When our troops, by forced marches, reached Mons on August 22nd, 1914, the primary business of the British Force was to prolong the French line of resistance in a north-westerly direction. The natural country feature which was geographically indicated for this purpose was the high road which runs from Charleroi through Binche to Mons, and this was the line for which our troops were originally destined. In effect, however, this line proved to be impracticable, for the simple reason that, when we reached it, the Germans were already in possession of Charleroi, and the French on our right had fallen back beyond the point of prolongation of this line. For the British Force in these circumstances to have occupied the Mons—Charleroi road would have laid it open to the very great risk—if not certainty—of being cut off and completely isolated. In these circumstances there was no alternative but to range our 1st A.C. along the Mons—Beaumont road, in rear of the original position contemplated, while the 2nd A.C. lined the canal between Mons and Condé.

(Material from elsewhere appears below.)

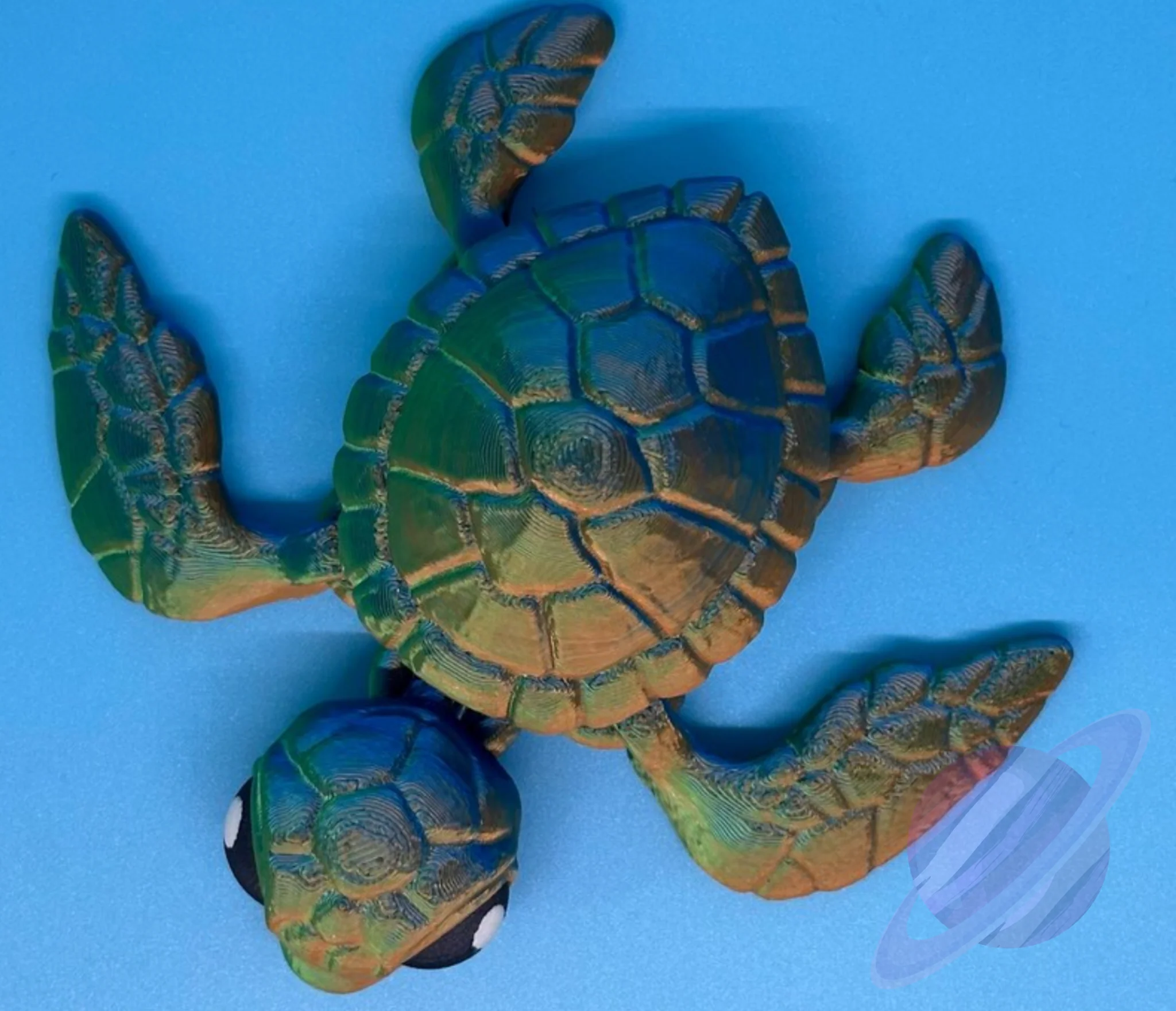 SEA TURTLE-3D PRINTED STRAW BUDDY - Image 6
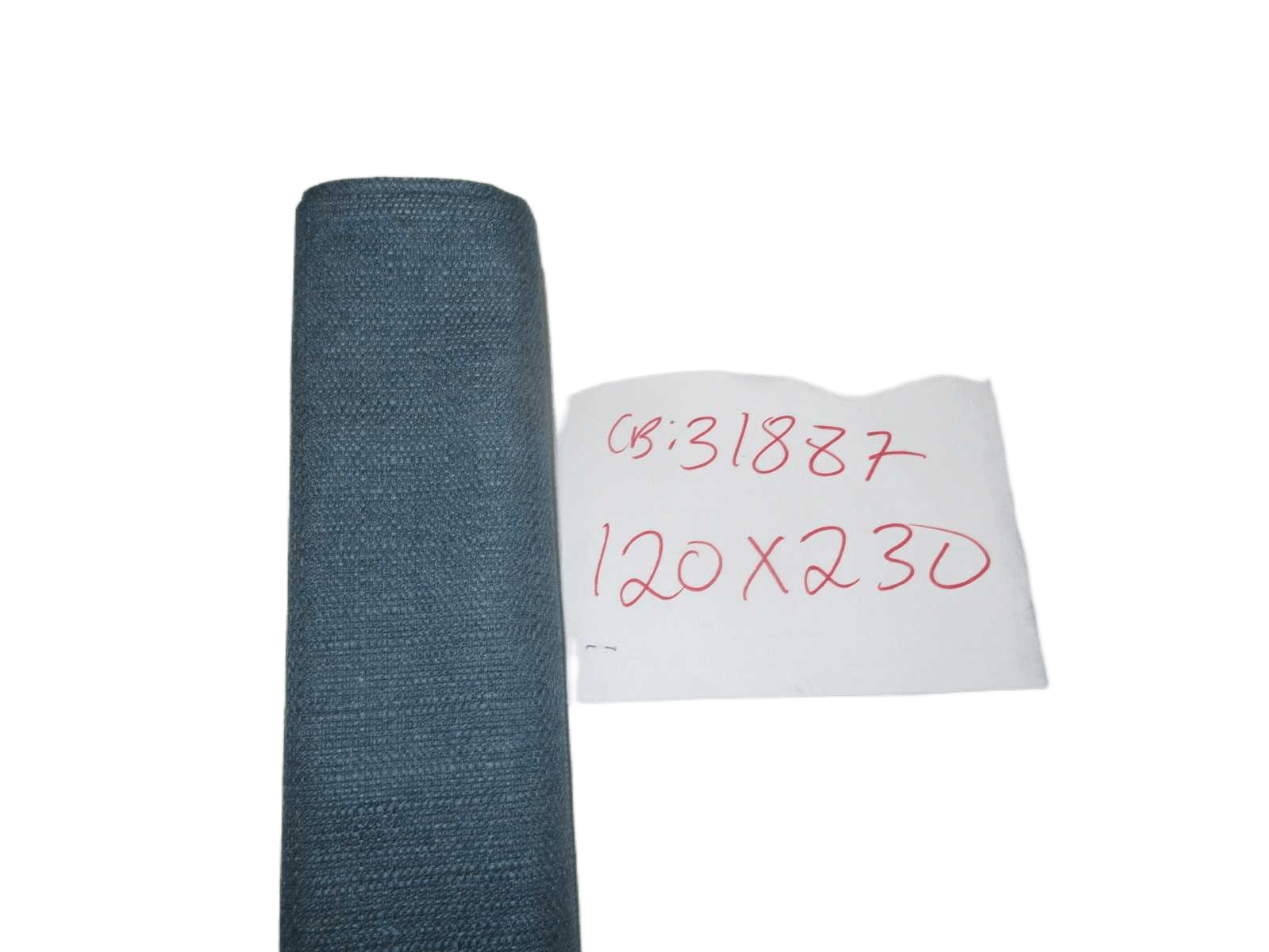 Blind 35 Mm Roman Plastic Cord Chain Aluminium Track - End Pvc Bar - With Safety Advice - Blister Packing With Insert Card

The position was not ideal, the formation being that of a broad arrow, with the two Army Corps practically at right angles to one another. However, it was the best that offered in the peculiar circumstances of the case. As it turned out in the end, the entire attack at Mons fell on the 2nd A.C., which lay back at an angle of forty-five degrees from the general line of defence. The battle of Mons may, therefore, in a sense be looked upon as an attempt at a flanking or enveloping movement on the part of the enemy, which was frustrated by the interposition of our troops.

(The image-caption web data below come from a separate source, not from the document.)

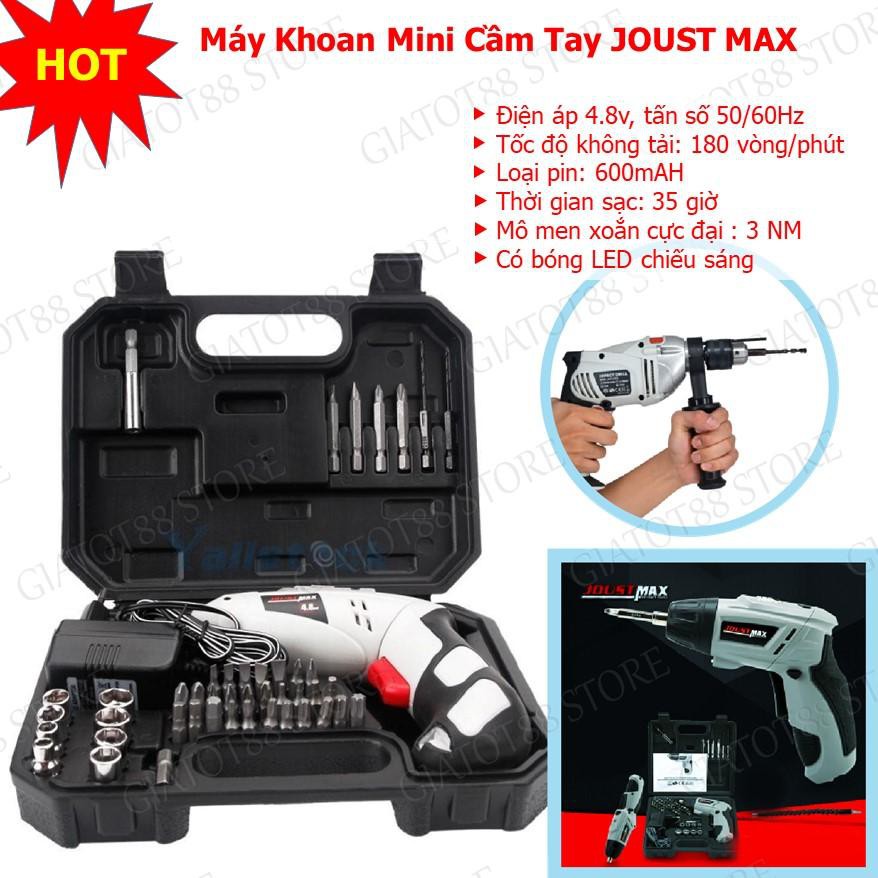 MÁY KHOAN VẶN VÍT DÙNG PIN CAO CẤP 45 CHI TIẾT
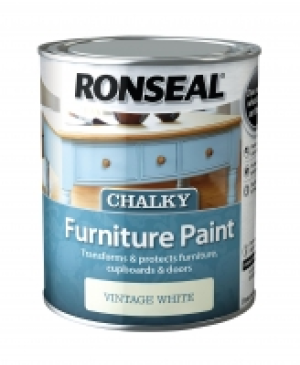 Ronseal Chalky Furniture Paint Dove Grey 750ml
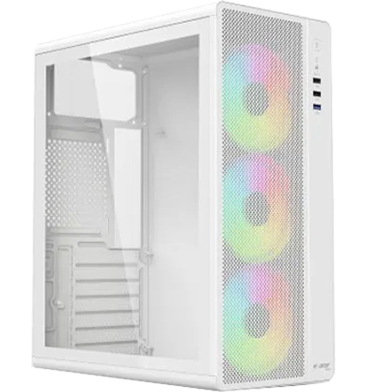 Acer Gadget U510W White ATX Business Case image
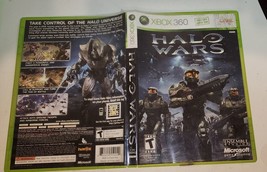 Halo Wars (Microsoft Xbox 360) - Complete &amp; Very Good - £4.65 GBP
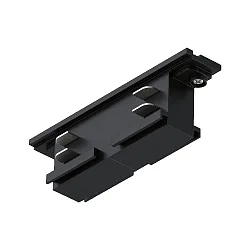 Zubehör für ProRail3 3-Phasen-Stromschiene - Linienverbinder, 230V, Metall / Kunststoff, Schwarz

In view of the fact that the scene of the first shock with the enemy was fixed by necessity and not by choice, the Mons canal may be considered as a fortunate feature in the landscape. It ran sufficiently true to the required line to offer an obvious line of defence, and an ideal one, except for the flagrant defect that, after running from Condé to Mons in a mathematically straight line, on reaching the town it flings off to the north in a loop some two miles long by one and a half miles across. This loop, as well as the straight reach to Condé, was occupied by our troops. The formation of the British army, then, was not only that of a broad arrow, but of a broad arrow with a loop two miles long by a mile and a half across projecting from the point. Such a position could obviously not be held for long, and Sir Horace Smith-Dorrien, recognizing this, had prepared in advance a second and more defensible line running through Frameries, Paturages, Wasmes and Boussu. To this second line the troops were to fall back as soon as the salient became untenable. A glance at the map will serve to show that the effect of swinging back the right of the 2nd A.C. to this new position would be to at once bring the whole British Army into line, with a frontage facing the advance of the enemy from the north-east. In view, however, of the preparedness of the Germans and the comparative unpreparedness of the Allies, time was a factor in the case of the very first importance, and therefore the passage of the canal had to be opposed, if only for purposes of delay. It is important, however, to keep in mind that the real line which it was intended to defend at Mons was this second line. The intention was never carried out, because it was anticipated by an unexpected and most unwelcome order to retire in conformity with French movements on the right, which upset all plans.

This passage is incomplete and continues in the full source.